- Exercise directions -
Without including any images, please transcribe all the lines below exactly.

- Supplied information -
****************************************

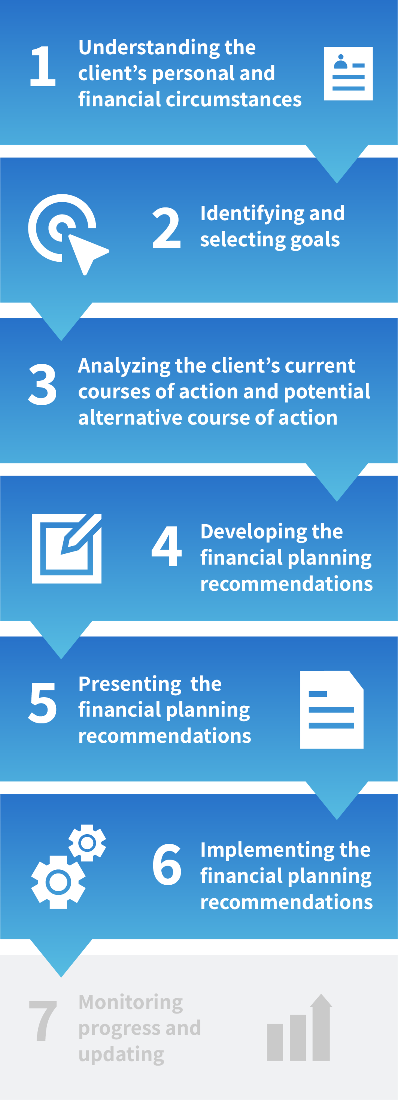 Financial Planning Graphic_Mobile-Tablet 3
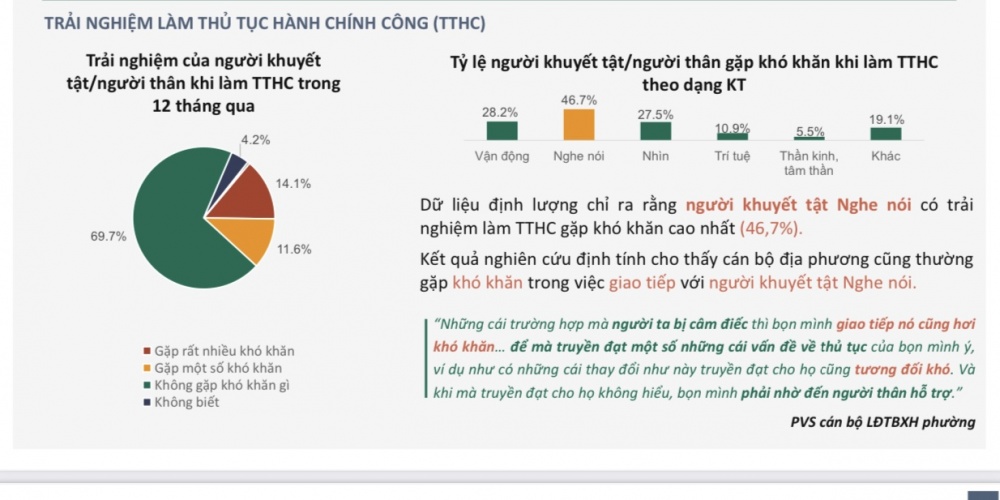 Cần cấp bách cải thiện cổng dịch vụ công trực tuyến phù hợp với người khuyết tật Cần cấp bách cải thiện cổng dịch vụ công trực tuyến phù hợp với người khuyết tật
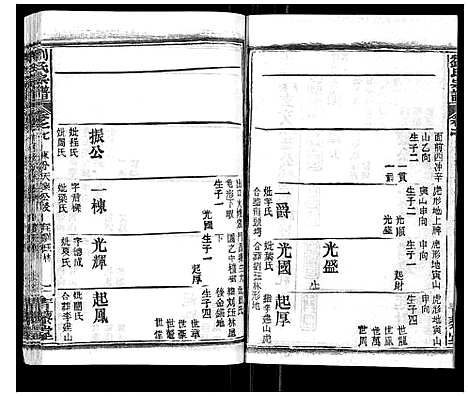 [下载][刘氏宗谱_21卷首2卷]江西.刘氏家谱_八.pdf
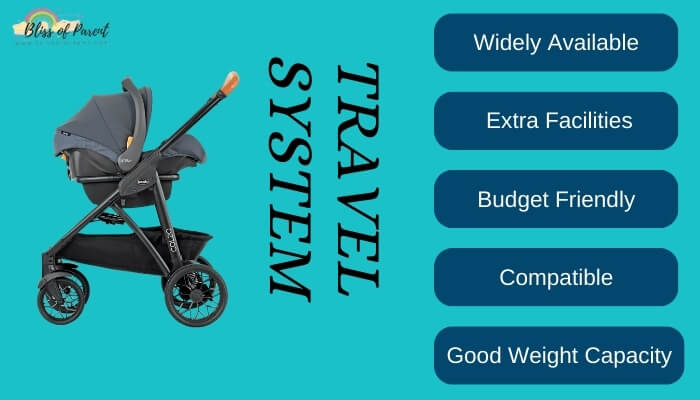 Travel System At A Glance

****************************************

- Result of this exercise -
 Financial Planning Graphic_Mobile-Tablet 3
 Cần cấp bách cải thiện cổng dịch vụ công trực tuyến phù hợp với người khuyết tật Cần cấp bách cải thiện cổng dịch vụ công trực tuyến phù hợp với người khuyết tật
 [下载][刘氏宗谱_21卷首2卷]江西.刘氏家谱_八.pdf
 Travel System At A Glance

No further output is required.